At least 55% of the votes cast must be in favor of the bond sale for it to pass. Polling in the district showed that 57% would OK a $323 million bond.

The bonds would not be sold all at once, but over the years to finance construction projects as they are ready. Bond sales will also consider timing intended to pay the lowest interest rates, which would save the district money.

The district's five trustees made their unanimous decision at their Nov. 12 meeting, with Trustee Mark Miller attending electronically from out of state.

The improvements will pay to upgrade classrooms and other facilities, and to support anticipated enrollment growth. Other projects include revamping physical plants for HVAC systems and those that boost access for students with disabilities.

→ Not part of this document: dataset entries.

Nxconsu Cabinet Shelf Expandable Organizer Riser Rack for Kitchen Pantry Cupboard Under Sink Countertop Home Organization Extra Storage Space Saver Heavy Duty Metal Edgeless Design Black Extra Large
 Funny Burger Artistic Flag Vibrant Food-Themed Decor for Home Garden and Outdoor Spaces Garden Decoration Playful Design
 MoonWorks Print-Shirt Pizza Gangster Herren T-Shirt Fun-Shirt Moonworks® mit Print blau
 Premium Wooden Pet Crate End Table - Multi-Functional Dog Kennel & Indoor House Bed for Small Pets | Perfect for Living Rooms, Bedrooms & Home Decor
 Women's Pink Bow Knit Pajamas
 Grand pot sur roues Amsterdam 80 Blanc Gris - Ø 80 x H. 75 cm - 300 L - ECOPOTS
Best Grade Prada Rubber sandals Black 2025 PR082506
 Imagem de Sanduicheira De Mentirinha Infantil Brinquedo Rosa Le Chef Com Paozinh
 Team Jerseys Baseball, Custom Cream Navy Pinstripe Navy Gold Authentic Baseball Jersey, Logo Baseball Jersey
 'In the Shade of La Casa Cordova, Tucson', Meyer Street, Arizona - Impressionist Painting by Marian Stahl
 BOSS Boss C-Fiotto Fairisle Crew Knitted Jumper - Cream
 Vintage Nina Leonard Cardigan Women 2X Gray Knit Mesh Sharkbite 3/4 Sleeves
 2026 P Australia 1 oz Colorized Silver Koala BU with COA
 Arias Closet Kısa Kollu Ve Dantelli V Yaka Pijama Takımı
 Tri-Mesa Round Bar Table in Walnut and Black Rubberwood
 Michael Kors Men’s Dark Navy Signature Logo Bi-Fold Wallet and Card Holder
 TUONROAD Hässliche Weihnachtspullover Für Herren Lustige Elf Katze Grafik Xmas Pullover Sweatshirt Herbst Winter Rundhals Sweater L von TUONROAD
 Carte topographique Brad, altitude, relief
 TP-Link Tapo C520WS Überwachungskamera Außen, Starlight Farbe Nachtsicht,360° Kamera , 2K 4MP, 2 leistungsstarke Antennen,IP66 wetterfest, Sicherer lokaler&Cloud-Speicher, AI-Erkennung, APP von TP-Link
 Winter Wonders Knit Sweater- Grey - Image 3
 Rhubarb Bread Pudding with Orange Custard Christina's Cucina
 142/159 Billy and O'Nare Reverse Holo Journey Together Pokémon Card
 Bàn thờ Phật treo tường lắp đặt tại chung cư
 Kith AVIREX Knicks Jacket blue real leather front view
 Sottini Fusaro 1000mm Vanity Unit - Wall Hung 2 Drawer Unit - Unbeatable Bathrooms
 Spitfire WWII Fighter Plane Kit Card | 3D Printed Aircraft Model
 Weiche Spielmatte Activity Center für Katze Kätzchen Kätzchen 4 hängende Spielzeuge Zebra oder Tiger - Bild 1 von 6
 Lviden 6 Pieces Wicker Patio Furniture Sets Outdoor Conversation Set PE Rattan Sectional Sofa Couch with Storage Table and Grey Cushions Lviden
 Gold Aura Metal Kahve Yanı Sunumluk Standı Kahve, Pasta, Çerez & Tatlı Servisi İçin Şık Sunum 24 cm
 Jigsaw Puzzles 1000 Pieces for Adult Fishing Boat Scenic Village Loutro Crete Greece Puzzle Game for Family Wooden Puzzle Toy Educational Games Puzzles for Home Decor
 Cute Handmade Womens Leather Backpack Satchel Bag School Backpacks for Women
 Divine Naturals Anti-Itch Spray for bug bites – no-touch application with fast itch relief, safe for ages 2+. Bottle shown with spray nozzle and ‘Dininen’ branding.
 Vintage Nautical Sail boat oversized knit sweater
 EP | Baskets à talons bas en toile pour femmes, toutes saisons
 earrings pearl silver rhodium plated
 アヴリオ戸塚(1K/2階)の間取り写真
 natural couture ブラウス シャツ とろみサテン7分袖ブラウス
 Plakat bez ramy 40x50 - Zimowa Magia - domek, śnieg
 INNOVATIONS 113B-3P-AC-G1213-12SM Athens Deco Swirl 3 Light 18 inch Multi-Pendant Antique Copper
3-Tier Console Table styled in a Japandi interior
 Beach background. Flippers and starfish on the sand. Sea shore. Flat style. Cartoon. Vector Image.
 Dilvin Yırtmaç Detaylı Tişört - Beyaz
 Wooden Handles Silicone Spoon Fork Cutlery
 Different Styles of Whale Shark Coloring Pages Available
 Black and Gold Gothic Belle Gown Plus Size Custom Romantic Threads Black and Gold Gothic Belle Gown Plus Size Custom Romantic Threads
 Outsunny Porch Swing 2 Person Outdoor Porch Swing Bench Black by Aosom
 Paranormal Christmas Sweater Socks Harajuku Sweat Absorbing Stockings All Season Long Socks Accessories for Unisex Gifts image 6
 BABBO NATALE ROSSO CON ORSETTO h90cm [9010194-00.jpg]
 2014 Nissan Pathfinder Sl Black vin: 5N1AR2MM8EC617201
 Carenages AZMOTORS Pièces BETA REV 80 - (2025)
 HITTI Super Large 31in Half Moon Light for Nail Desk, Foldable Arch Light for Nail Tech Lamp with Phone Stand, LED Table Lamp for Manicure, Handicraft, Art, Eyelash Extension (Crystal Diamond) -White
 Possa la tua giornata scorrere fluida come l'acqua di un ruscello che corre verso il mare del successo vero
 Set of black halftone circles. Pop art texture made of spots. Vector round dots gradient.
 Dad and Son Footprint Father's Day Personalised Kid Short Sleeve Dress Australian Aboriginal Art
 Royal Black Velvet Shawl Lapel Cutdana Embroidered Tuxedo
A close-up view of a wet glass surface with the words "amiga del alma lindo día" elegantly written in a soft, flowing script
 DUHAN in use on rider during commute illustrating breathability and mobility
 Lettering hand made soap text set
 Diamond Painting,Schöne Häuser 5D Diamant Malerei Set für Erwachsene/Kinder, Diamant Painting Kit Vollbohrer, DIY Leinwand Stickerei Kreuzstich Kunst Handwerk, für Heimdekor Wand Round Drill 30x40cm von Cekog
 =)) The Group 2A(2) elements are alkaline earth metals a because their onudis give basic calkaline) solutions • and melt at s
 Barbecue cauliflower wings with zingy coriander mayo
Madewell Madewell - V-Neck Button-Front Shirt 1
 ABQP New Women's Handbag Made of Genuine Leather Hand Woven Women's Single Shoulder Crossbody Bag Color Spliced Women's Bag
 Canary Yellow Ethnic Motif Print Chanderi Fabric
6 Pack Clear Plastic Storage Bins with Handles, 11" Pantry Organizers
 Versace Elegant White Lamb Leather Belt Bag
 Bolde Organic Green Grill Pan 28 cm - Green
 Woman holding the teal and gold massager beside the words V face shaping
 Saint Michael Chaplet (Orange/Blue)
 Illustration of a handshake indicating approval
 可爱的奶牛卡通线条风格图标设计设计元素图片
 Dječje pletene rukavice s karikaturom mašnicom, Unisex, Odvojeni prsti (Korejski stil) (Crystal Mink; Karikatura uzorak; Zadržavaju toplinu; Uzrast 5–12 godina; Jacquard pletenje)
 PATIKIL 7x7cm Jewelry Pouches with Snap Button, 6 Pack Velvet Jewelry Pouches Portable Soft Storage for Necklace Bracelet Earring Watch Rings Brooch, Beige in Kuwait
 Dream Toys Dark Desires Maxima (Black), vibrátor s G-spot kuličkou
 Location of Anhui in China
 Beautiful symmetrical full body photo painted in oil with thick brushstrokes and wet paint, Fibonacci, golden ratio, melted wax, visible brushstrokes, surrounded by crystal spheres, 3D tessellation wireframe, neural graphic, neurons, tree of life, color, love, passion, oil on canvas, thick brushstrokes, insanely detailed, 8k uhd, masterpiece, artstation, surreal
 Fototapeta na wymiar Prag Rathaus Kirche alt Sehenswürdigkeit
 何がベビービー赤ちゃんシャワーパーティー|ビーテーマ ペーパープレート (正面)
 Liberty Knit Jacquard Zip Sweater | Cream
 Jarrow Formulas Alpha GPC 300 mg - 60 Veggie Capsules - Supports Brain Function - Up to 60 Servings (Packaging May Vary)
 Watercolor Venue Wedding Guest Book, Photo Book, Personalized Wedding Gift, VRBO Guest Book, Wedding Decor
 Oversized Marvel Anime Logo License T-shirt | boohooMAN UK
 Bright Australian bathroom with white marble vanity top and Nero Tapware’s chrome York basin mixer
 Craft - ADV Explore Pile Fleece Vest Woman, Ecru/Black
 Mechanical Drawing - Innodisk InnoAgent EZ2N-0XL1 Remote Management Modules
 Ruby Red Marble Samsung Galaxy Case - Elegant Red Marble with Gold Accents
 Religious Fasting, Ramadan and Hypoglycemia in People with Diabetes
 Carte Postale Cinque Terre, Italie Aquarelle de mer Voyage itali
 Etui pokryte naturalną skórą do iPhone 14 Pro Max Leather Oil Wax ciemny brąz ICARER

Parents whose students are active with bands and athletics urged the board to create a project priority list that would include upgrading gyms. Several of them said the Amador gym was in deplorable condition, and that it failed to keep up with the high quality of the programs presented there. One parent drew applause when she said, “We’ve got to get it on the ballot, so we can vote for it.”

Trustee Steve Maher said he has been in the district for more than 40 years, when he started on staff at Fairlands Elementary School. He has since served at various schools as an administrator. He coached at Foothill High School 15 years ago, and the gym has become worse over the years, he said.

“I go to Dublin. I look at their Fine Arts building,” he said. “I think, ‘Holy Mackerel,’ what is going on in our district? I see nice gyms, and wonder how come they have a nice gym, and we don’t? We need to act. I think $323 million is just a drop in the bucket.”

Miller said that, at $323 million, the list of projects is realistic. The district can go from “scraping by” to “moving our schools into world class,” he said.

Trustee Joan Laursen said that the first sale of bonds under measure I-1, which was approved by voters in 2016, fell short of funding such things as gyms, because of rising construction costs. But she was confident that voters will approve the new bond, since they understand what it takes to bring facilities up to current standards.